Eircom unfazed by 'significant' decline in October performance
Eircom experienced a "significant reduction" in performance during October, but has insisted the decline is in line with expectations.
The troubled telco, which is facing the prospect of being taken over by lenders, said that there were some "pluses and minuses" during the month.
It said the large business, government and wholesale segments continue to perform in line with or better than expected under its current plan.
But it warned that while the cumulative customer numbers of its retail, consumer and small business segments are as expected, tough economic conditions continue to weigh on sentiment.
"Lower consumer confidence and competition in these consumer and small-business segments are putting continued pressure on fixed-line and mobile average monthly revenue per user," Eircom noted.
The company issued the October trading update after privately presenting results this week to senior lenders in accordance with the terms of a covenant waiver that has been secured with them.
The outcome of a lender vote to extend that waiver will be known tomorrow.
Eircom's future is increasingly uncertain. Current majority owner Singapore Technologies Telemedia (STT) belatedly submitted to the Eircom independent directors this week a plan to lead a restructuring of the Irish group's €3.7bn debt pile.
Eircom's Employee Share Ownership Trust is also "committed to further constructive discussions" with regards to participation in the STT plan, said Eircom.
STT has sought a €200m cash-back guarantee in case the eurozone breaks up, however, under a material adverse change clause.
It's proposing investing €200m in Eircom and handing 25pc of the company to lenders.

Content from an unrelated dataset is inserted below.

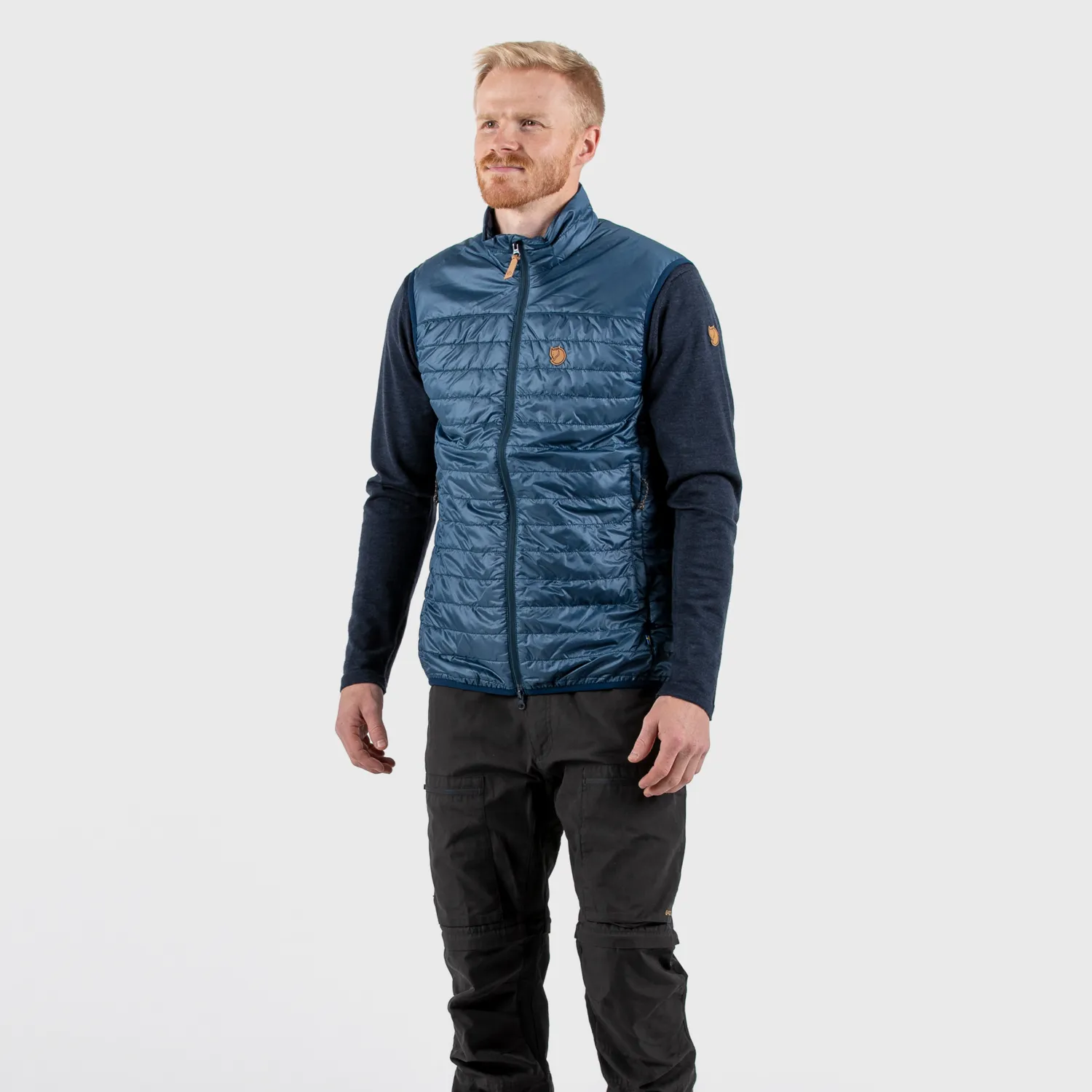 Fjällräven Men&#x27;s Abisko Padded Vest Storm | Buy Fjällräven Men&#x27;s Abisko Padded Vest Storm here | Outnorth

If senior lenders reject the STT plan then they are almost certain to take control of the Eircom business subject to the terms of their plan already submitted to Eircom's independent directors. That change in ownership would take place early next year.
Eircom said yesterday that the overall decline in its revenues in October has been largely balanced by continued cost savings, with operating costs during the month lower than expected.
"There are some early signals that consumer confidence continues to weaken performance and may result in some emerging trends that could impact the existing budget," it warned.